Regression on the PS

Regression on the PS involves estimating a PS, and then regressing the outcome on the PS and the treatment. Regressing the outcome on the PS is one way of "conditioning" on the PS, and thanks to Rosenbaum & Rubin (1983), we know that the treatment effect estimate is unbiased conditional on the PS. Variations include regression on the linear PS and other transformations, flexible modeling of the PS and/or outcome with splines, and using Bayesian additive regression trees (BART) with a PS to generate estimated potential outcomes. For now, we'll assume linear regression on the PS.

With a correctly modeled PS and a correctly modeled functional relationship between the outcome and the PS, it is possible to estimate an average treatment effect. If the treatment effect is the same for all units, the coefficient on the treatment is the ATE. Otherwise, you can estimate a treatment effect for each possible PS value (see this post). The average treatment effect for everyone, estimated at their respective PS, is the ATE. In practice, though, the PS is not modeled correctly, and the functional relationship between the outcome and the treatment and PS is not modeled correctly. A common error is to not include an interaction between the PS and the treatment in the outcome model.
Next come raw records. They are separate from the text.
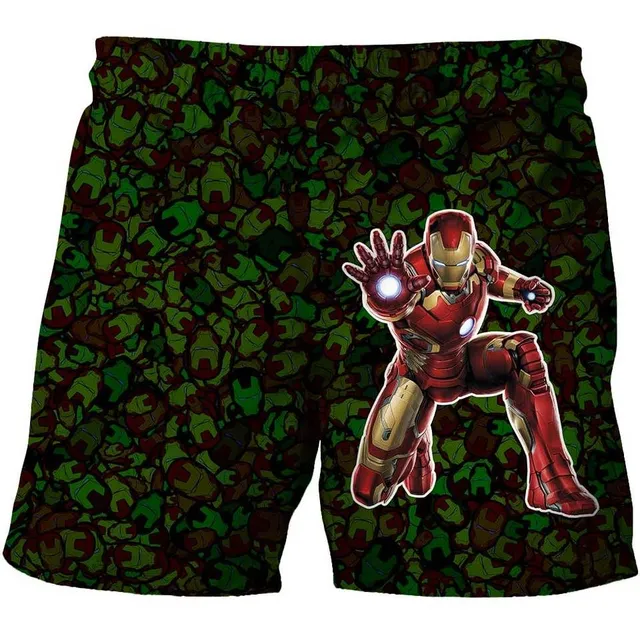 Modern comfortable shorts for kids with the popular Marvel superheroes Berg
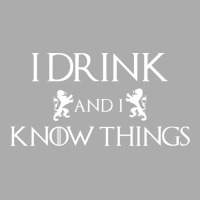 I Drink And I Know Things Men's T-shirt Pajama Set | Artistshot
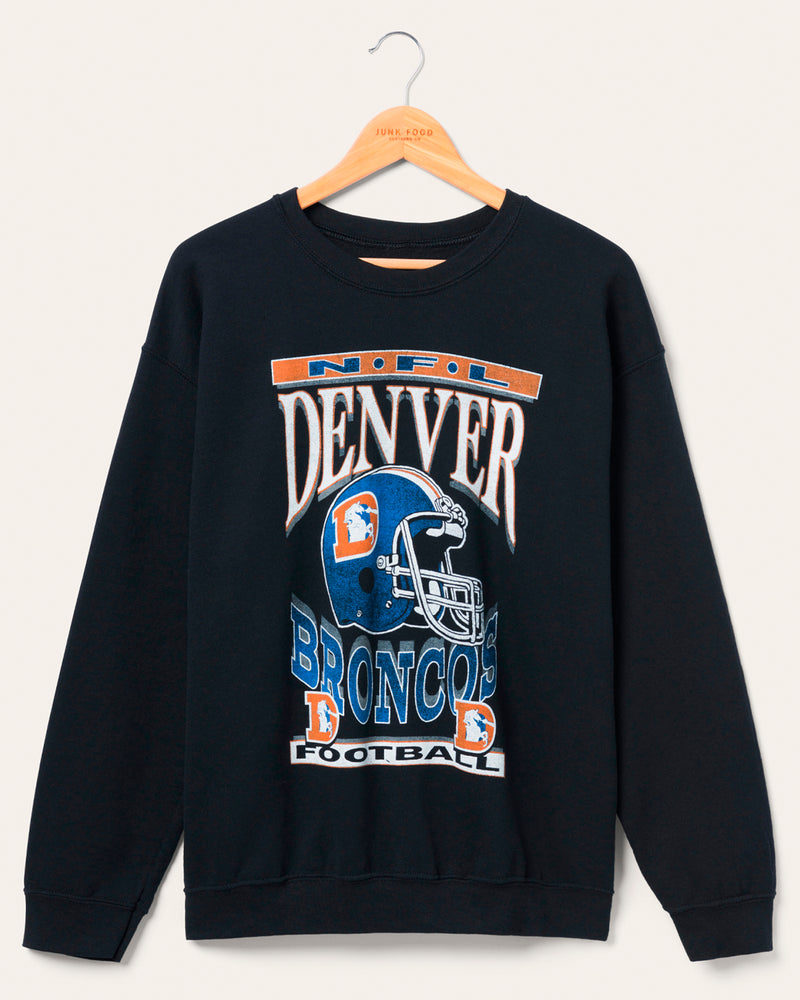 Denver Broncos Helmet Flea Market Crew Fleece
In these cases, there is no reason the treatment effect estimate will be even moderately unbiased. For this reason, many methodologists recommend against using regression on the PS unless using a flexible model like BART. You cannot assess the degree to which regression on the PS will remove bias (i.e., the concept of balance doesn't exactly apply, so you can't check balance), so regression on the PS requires very strong assumptions which are almost guaranteed to be false in real data.

Overall, matching is superior to regression from a theoretical point of view and empirically, but matching itself has many weaknesses as well. You might want to look into methods that don't rely strictly on the propensity score, such as BART and targeted minimum loss-based estimation (TMLE), which require few assumptions and tend to yield unbiased estimates.